I'm kinda reluctant to share this, cause, y'know, whatever. But I've been working on a little project for about … um … three years now, and I thought maybe I'd show you guys a piece of it.
I can't emphasize this enough: this is just for fun. I've been doing this just to amuse myself, no other reason. So if it sucks or you hate it, well — and I say this with love — go to hell.
Anyway. Here.
Yeah, I probably should have mentioned that credit, but I just assumed everybody here knew about it.
I only saw the first of the, what, eleven or twelve now-extant Shrek movies.
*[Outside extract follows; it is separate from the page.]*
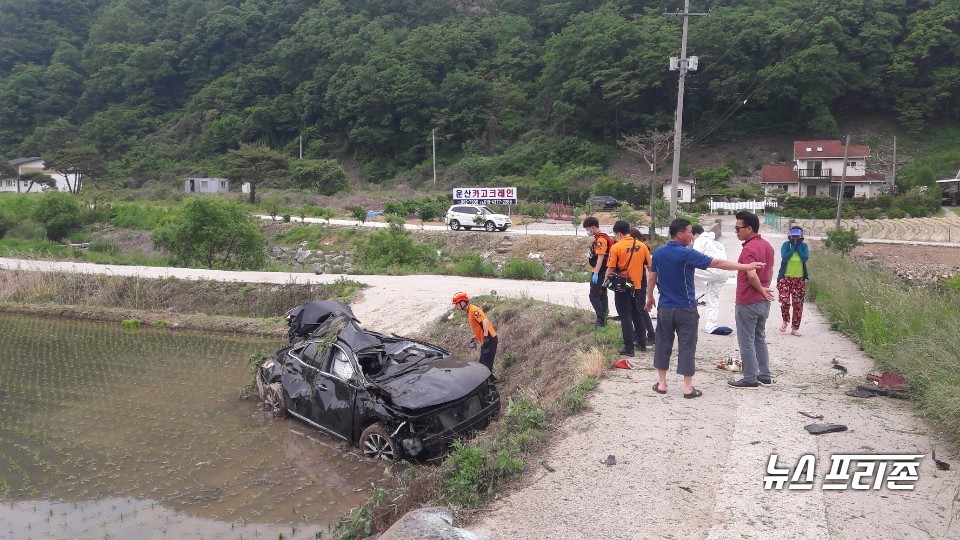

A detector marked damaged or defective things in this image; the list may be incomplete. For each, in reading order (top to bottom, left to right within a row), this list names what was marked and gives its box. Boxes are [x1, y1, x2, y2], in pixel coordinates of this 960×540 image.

wrecked black car [255, 302, 502, 458]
Any possible enjoyment was torpedoed by two things: the stale humor — don't try to put pop-cultural references in a movie that's gonna take three years to make, guys — and the way all the secondary character dynamics made me think of Supermarionation.
And on the talent front, don't underestimate the value of Brad Bird. As I've heard the story, "The Incredibles" was all him, from pitch to theater, and for my money that film is the best work Pixar's done so far. Which I think supports your point, rather than diminishing it: When you put the right kind of people together, sometimes they get lucky and attract more of the right kind of people.
I'm gonna resurrect this, 'cause I think Brian made a point that deserved maybe more attention than it got. It was this:
We've been listening to stories our entire lives and culturally for thousands and thousands of years. I think as a species, we've developed a finely honed intuition about when it's a story with a point and internal consistency and when it's just a bunch of shit that's happening.
I heard a guy say something one time: "Human beings are born with only three instinctive abilities: the ability to grasp with their hands, the ability to suckle with their mouths, and the ability to spot bad advertising."
I also once heard somebody describe the act of catching a baseball. Not like in the majors, but just in a backyard game of catch. I don't remember who said it or in what context, but the guy went into all this detail about how many calculations our minds have to work through in an amazingly short amount of time, just to catch a baseball.
I bring these two things up because I think Brian's absolutely right, but I really don't know whether it's cultural, whether it's instinctive, or whether it's a natural consequence of how we're wired.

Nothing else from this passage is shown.